Information shown ::
::::::
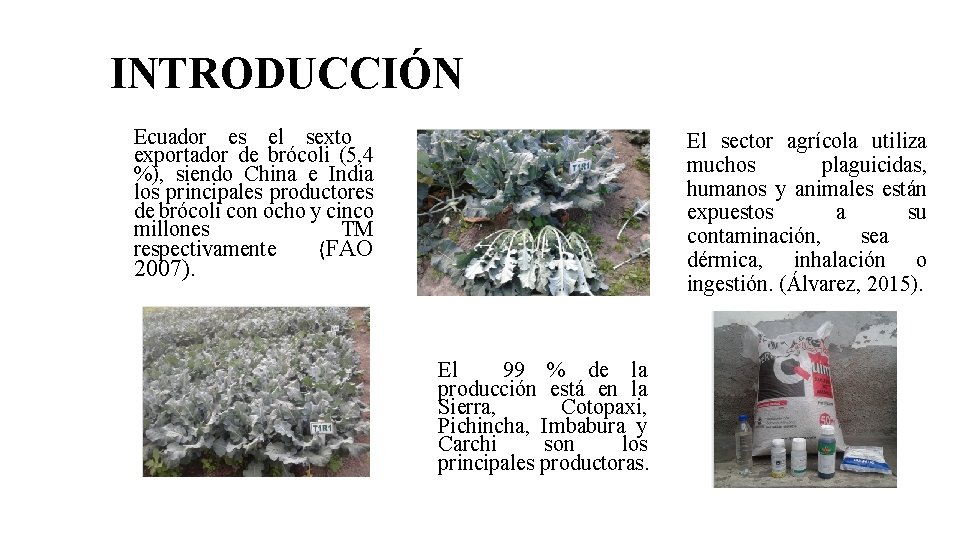 INTRODUCCIÓN Ecuador es el sexto exportador de brócoli (5, 4 %), siendo China e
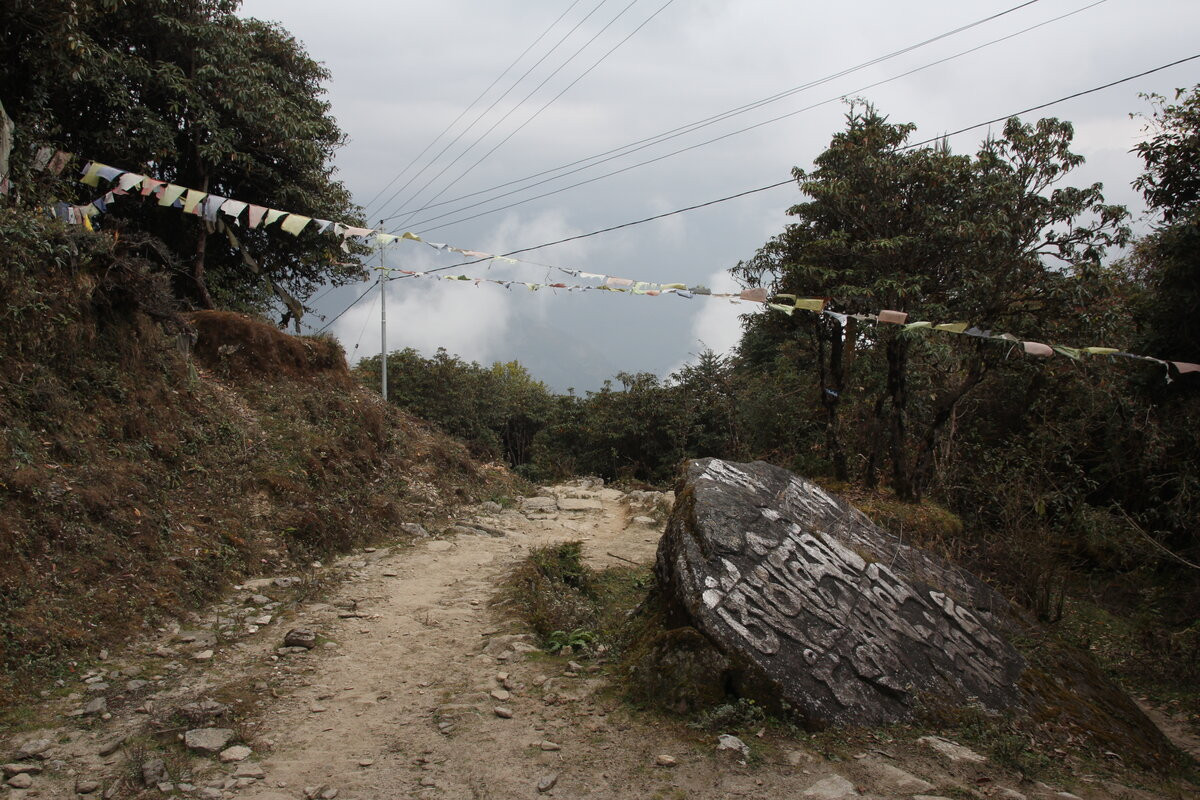 Klicke auf die Grafik für eine vergrößerte Ansicht  Name: IMG_9995.jpg Ansichten: 0 Größe: 346,9 KB ID: 3355273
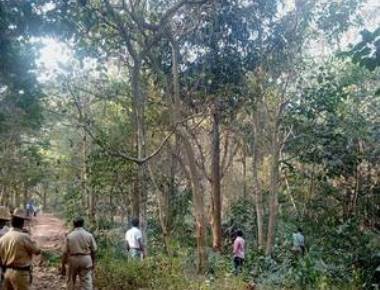 Tree cutting begins amid police security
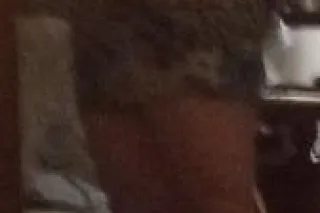 🔥 HOT & SPICY 🔥 - Image 6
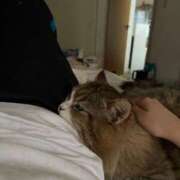 ヒメ日記 2025/10/10 12:01 投稿 りん Felice(フェリス)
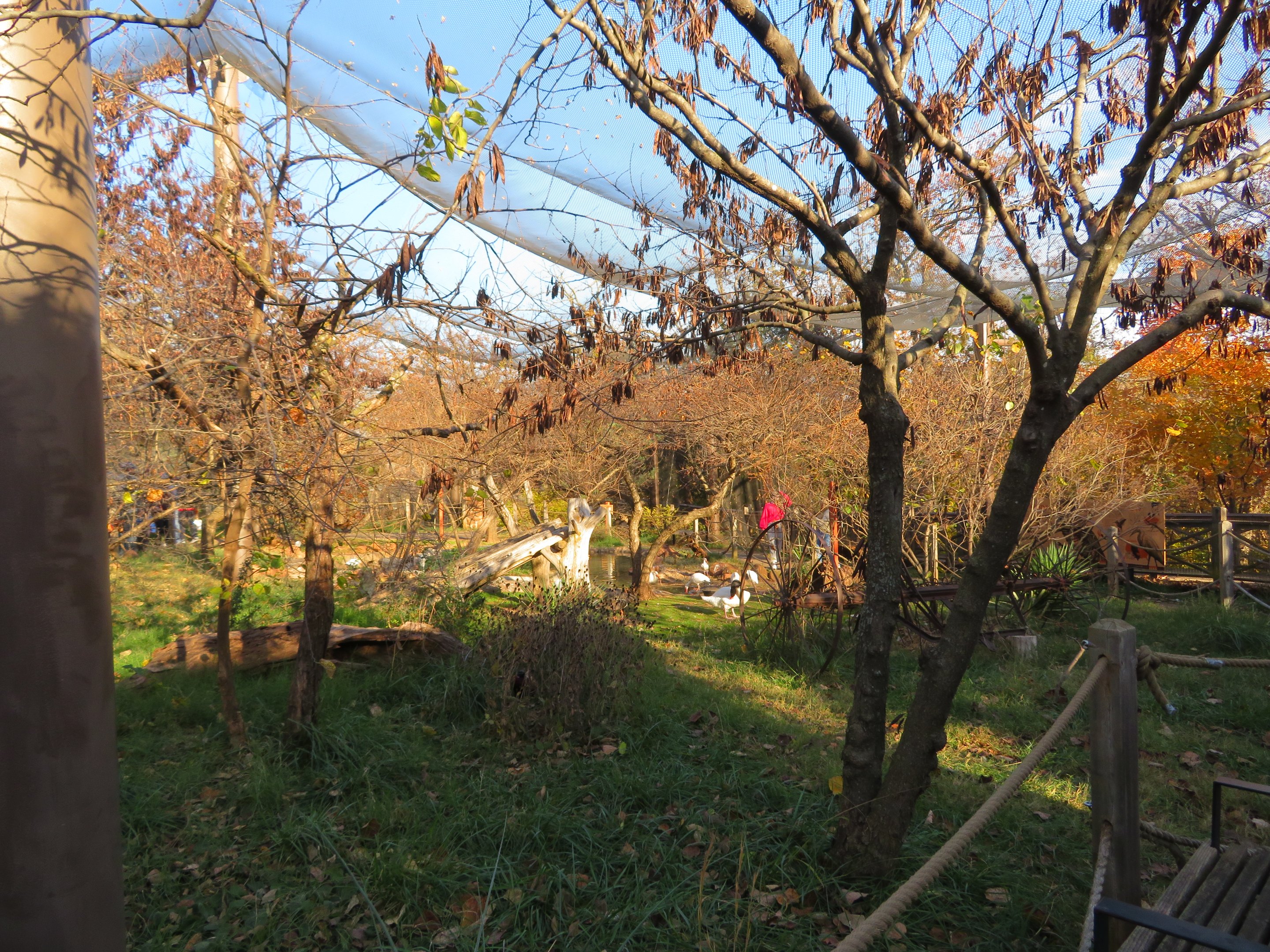 Walkthrough Aviary (17 spp)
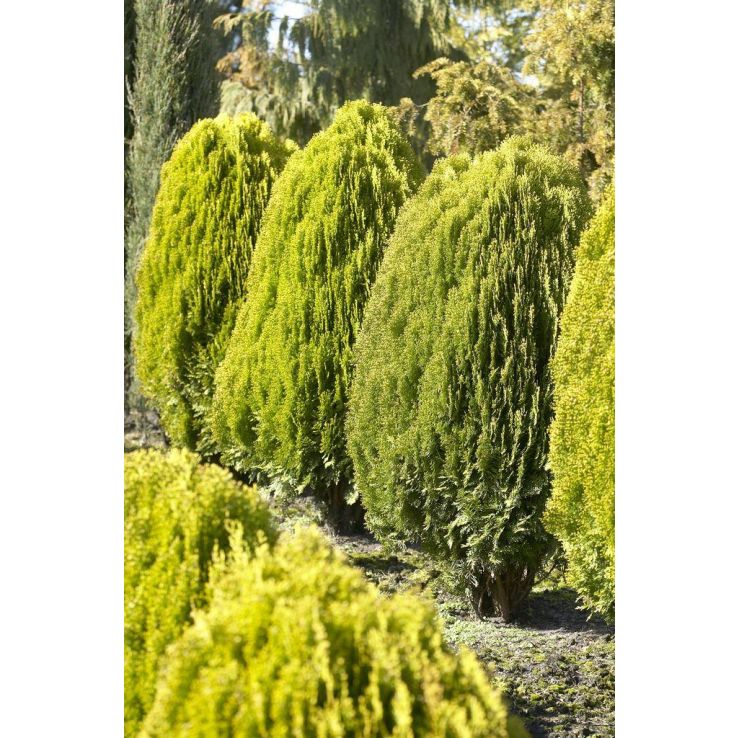 weihnachtsstern wann kaufen Euphorbia pulcherrima christmas feelings (auf Stamm) (rot) (Weihnachtsstern)  kaufen? | Stella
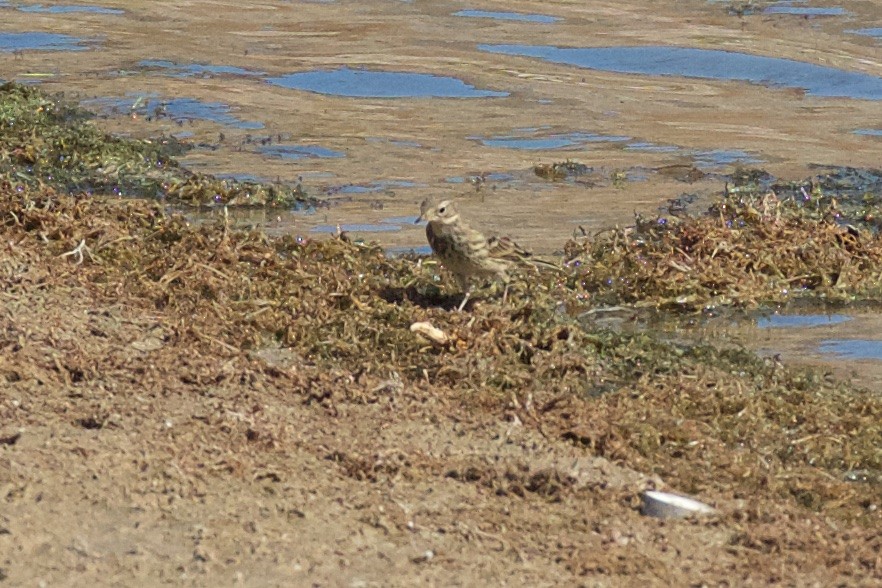 American Pipit - ML384079911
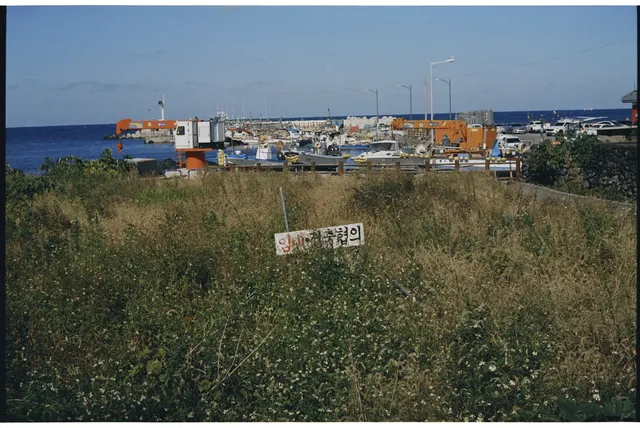 5203,海邊的風景、曝光的意外 5203,海邊的風景、曝光的意外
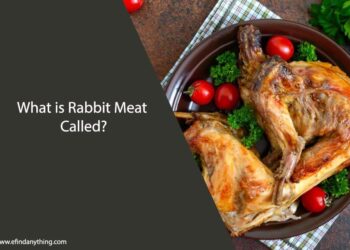 What is Rabbit Meat Called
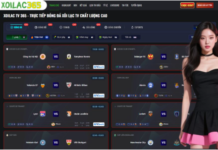 The Evolution of Football Media and Professional Market Analysis Deciphering the Complexity of the tỷ lệ kèo nhà cái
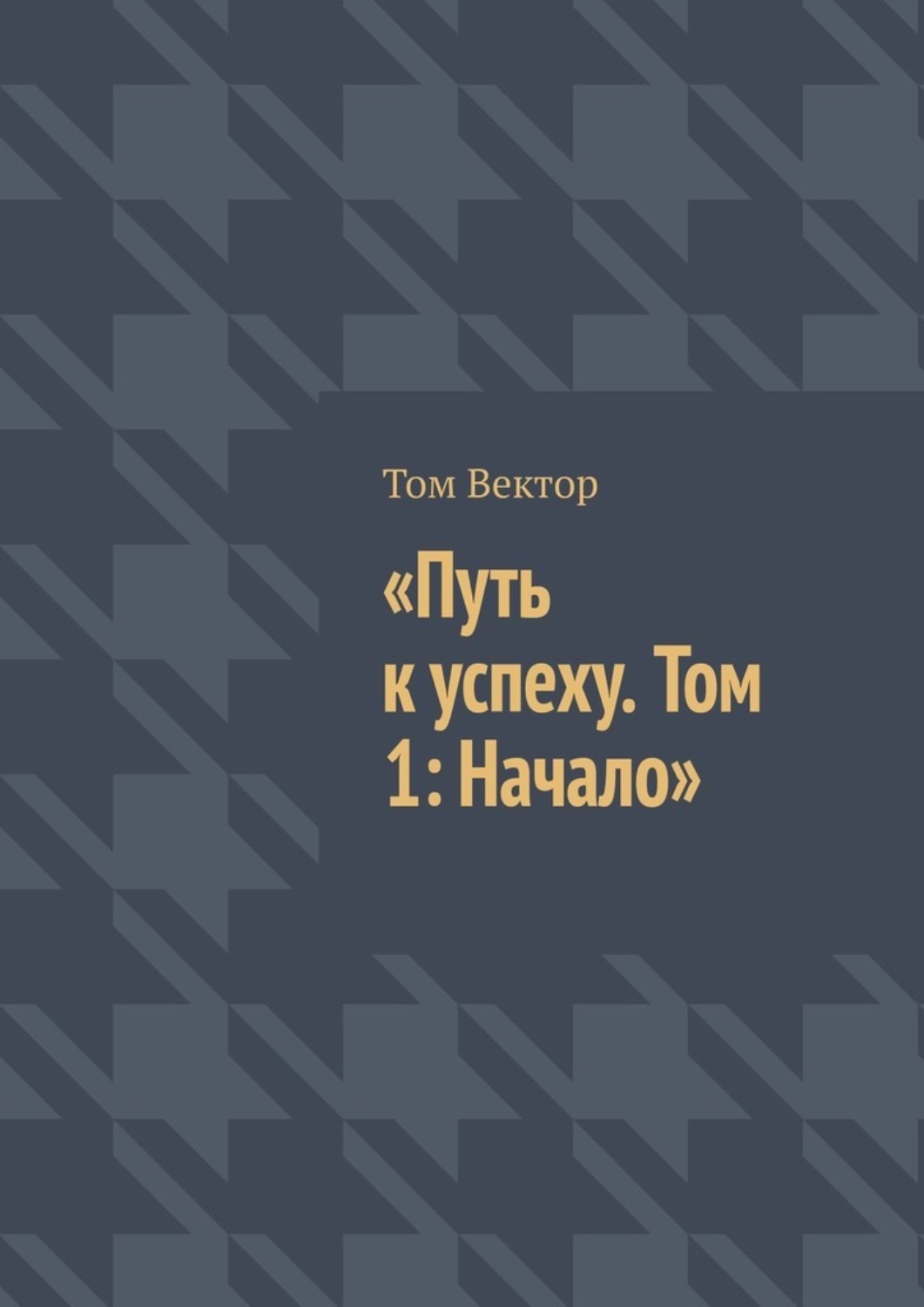 Обложка книги «Путь к успеху. Том 1: Начало»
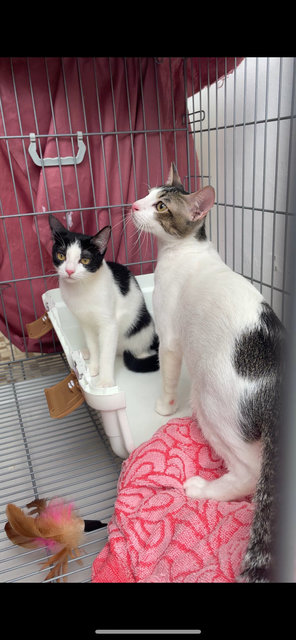 Tam &amp; Teh - Tabby + Tuxedo Cat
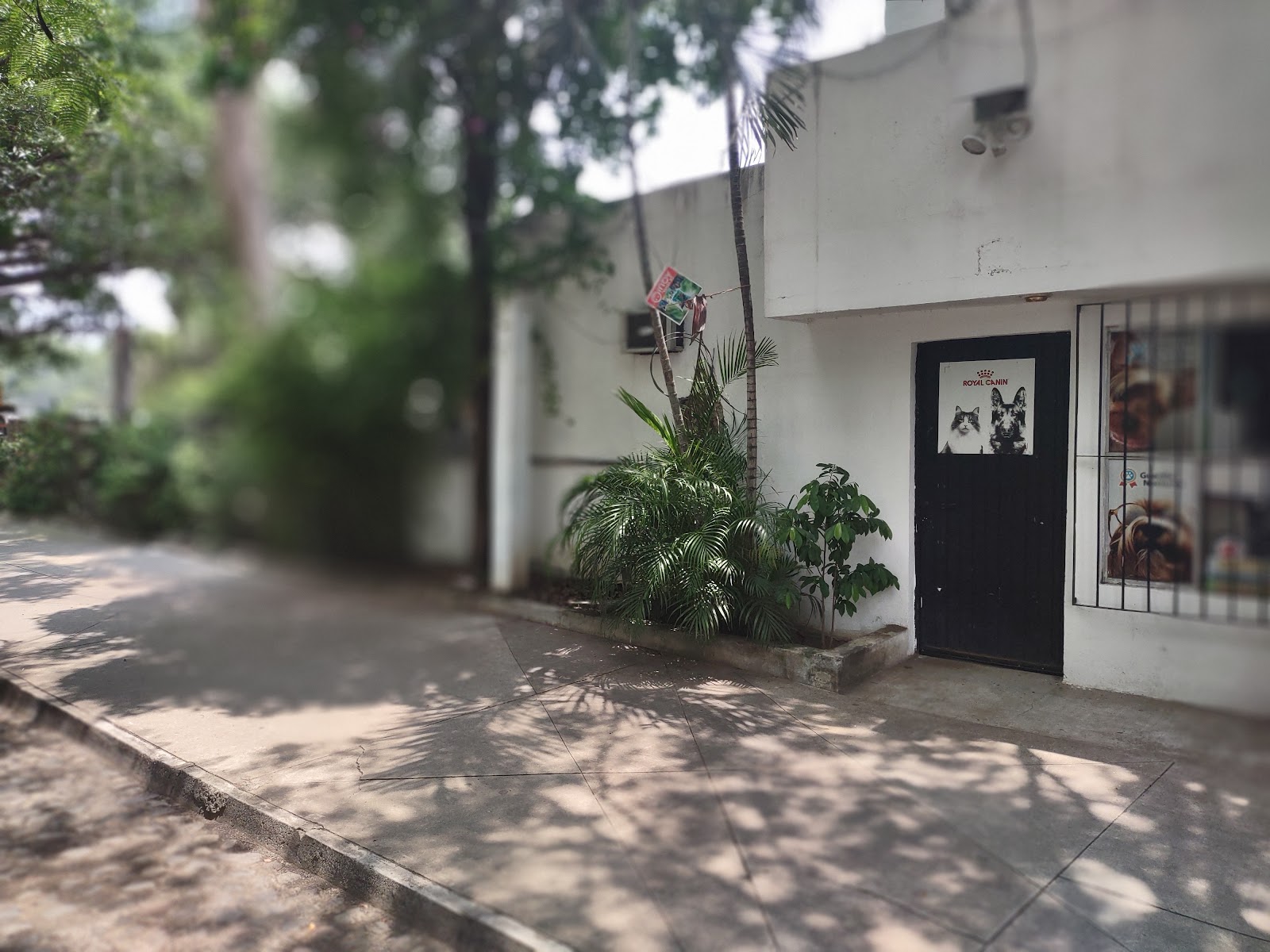 leetx-google-photo-45461-3 leetx-google-photo-45461-3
::::::
Exercise description :: I would like you to retype exactly the lines running from the one containing "ヒメ日記 2025/10/10 12:01 投稿 りん Felice(フェリス)" to the last line of the entries, both included, leaving all pictures out.

Your solution ::
 ヒメ日記 2025/10/10 12:01 投稿 りん Felice(フェリス)
 Walkthrough Aviary (17 spp)
 weihnachtsstern wann kaufen Euphorbia pulcherrima christmas feelings (auf Stamm) (rot) (Weihnachtsstern)  kaufen? | Stella
 American Pipit - ML384079911
 5203,海邊的風景、曝光的意外 5203,海邊的風景、曝光的意外
 What is Rabbit Meat Called
 The Evolution of Football Media and Professional Market Analysis Deciphering the Complexity of the tỷ lệ kèo nhà cái
 Обложка книги «Путь к успеху. Том 1: Начало»
 Tam &amp; Teh - Tabby + Tuxedo Cat
 leetx-google-photo-45461-3 leetx-google-photo-45461-3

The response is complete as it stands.